Did post-Second World War Presbyterian minsters attending to ever-dwindling flocks on remote Scottish islands tend to be called Balor, surely a rather ominous Christian name? In the case of The Silent Storm, Damian Lewis plays the demented guilt-ridden Presbyterian minister of that name in this over-wrought melodrama which sinks like a failed flan in the middle.
His wife Aislin (Andrea Riseborough) has been putting up for years with her husband’s puritan, repressive strictures in their decidedly glum rectory. Moreover, the nasty secret she appears to have got right concerning their shared past doesn’t help either. Indeed, when she has had enough of this control freak with a dog collar, she reminds him of the secret to his face in the middle of a huge domestic row.
Old Rope: Damian Lewis as Reverend Balor in The Silent Storm
In the middle of the row, a young 17-year-old delinquent orphan, named Fionn (Ross Anderson) suddenly arrives at the door, accompanied by a pompous older man from Glasgow. Now the couple must take the young lad in charge. However, his presence is the cause of new tension and misunderstanding, with repeated hints from the Reverend Balor concerning Aislin’s sinful past.
Thus the poor wife tends to walk around pale and unhappy, waiting on her husband’s whims and tantrums, serving up meals that are eaten in silence. The fire crackles in the grate but offers no comfort.
Andrea Riseborough and Ross Anderson in The Silent Storm
Then the Reverend suddenly gets a Fitzcarraldo-style idea to ship the pews from his kirk on a boat to the mainland - all his former flock have now gone there for factory jobs as the island mines have closed. Fionn is left to look after the place while the Reverend transports the church furniture to the mainland on a boat manned only by himself.

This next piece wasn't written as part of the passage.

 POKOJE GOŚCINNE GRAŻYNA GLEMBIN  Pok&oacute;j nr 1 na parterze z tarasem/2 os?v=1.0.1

Are we in for some Lady Chatterley-style hanky-panky on the now deserted island? No, we certainly are not, but there is some psychotropic stuff with herbs and mushrooms and pastoral heebie jeebies. It gets far too weird and all that heavy musical cake on the soundtrack - layered choral voices, cod Celtic strings - is damn irritating.
It's a pity really. With some serious steerage and directorial focus and less of the hammy acting from Lewis we might have had something. At one particularly tense moment as the film reached its risible climax, amid all his out-of-body acting and exaggerated gesture, Lewis bent his knees and it looked like he was about to do the Hucklebuck or the Twist. He should have, it might have made a difference.